Pope Benedict issued strong words on Friday against financial speculators spiking food prices and pointed to family-run farms as a way to help stave off world hunger.

“Nourishment is a factor which touches on the fundamental right to life,” the Pope said.

“How can we remain silent before the fact that food has become the object of speculation and is tied to the movements of financial markets which, lacking clear rules and moral principles, seem fixated on the single objective of profit?”

On the morning of July 1, Pope Benedict met at the Vatican with participants from the 37th conference for the Rome-based Food and Agriculture Organization of the United Nations.

He greeted the newly elected head of the organization, Jose Graziano da Silva, and thanked the outgoing president, Jacques Diouf, for his “competence and dedication.”

Pope Benedict said that global poverty, underdevelopment and hunger are often the result of “selfish attitudes” that come from the heart of man. This selfishness, he noted, finds “expression in his social activities, in economic relations and in the conditions of the market” and is eventually “translated into the denial of the primary right of all individuals” to be fed.

The Pope said that the instability of the global market and price increases in food “demand concrete responses, which must necessarily be united in order to achieve results which individual States cannot achieve alone.”

“This means that solidarity must become an essential criterion for all political and strategic action,” he said.

Pope Benedict also stressed the importance of the Food and Agriculture Organization continually re-examining its own structure so it can guarantee “nutritional development, the availability of food products and the development of rural areas, so as to ensure that humankind is free from hunger.”

He said “the first victims of this tragedy” of global hunger are those millions of children who are “condemned to early death or to a delay in their physical and mental development.”

Although global relief groups work around the clock to provide food for impoverished children and their families, the Pope lamented that aid is often limited to emergency situations. He said that in addition to temporary relief, there needs to be a system for long term development and objectives such as family-based farming.

Support “must be given to initiatives ... aimed at rediscovering the importance of family-run farms, supporting the vital role they play in ensuring stable food security,” he said.
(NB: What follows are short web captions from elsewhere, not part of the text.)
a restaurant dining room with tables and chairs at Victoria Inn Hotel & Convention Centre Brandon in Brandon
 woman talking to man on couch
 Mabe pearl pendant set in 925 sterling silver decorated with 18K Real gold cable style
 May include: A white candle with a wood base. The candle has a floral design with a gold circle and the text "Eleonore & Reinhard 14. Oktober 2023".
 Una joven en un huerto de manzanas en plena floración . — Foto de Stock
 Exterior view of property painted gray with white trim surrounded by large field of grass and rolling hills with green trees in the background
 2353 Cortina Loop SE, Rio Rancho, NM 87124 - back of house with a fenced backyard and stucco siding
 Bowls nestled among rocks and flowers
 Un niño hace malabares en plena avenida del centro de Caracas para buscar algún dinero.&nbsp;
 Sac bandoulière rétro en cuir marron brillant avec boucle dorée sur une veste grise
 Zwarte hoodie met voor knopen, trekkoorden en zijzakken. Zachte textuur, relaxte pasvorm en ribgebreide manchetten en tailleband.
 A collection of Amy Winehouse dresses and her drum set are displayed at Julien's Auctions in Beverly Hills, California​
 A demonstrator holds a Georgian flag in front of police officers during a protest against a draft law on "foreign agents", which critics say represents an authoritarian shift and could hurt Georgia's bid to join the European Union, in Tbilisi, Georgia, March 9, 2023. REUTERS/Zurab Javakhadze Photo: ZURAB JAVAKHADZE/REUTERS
“Food security is an authentically human requirement,” the Pope underscored. “Guaranteeing it for present and future generations also means safeguarding ourselves against the uncontrolled exploitation of natural resources.”

“At this time in which agriculture is beset by so many problems, but is also facing new opportunities for alleviating the problem of hunger,” he noted, “you can ensure that, by guaranteeing a nourishment responsive to people's needs, individuals can grow in their true identity as creatures made in the image of God.”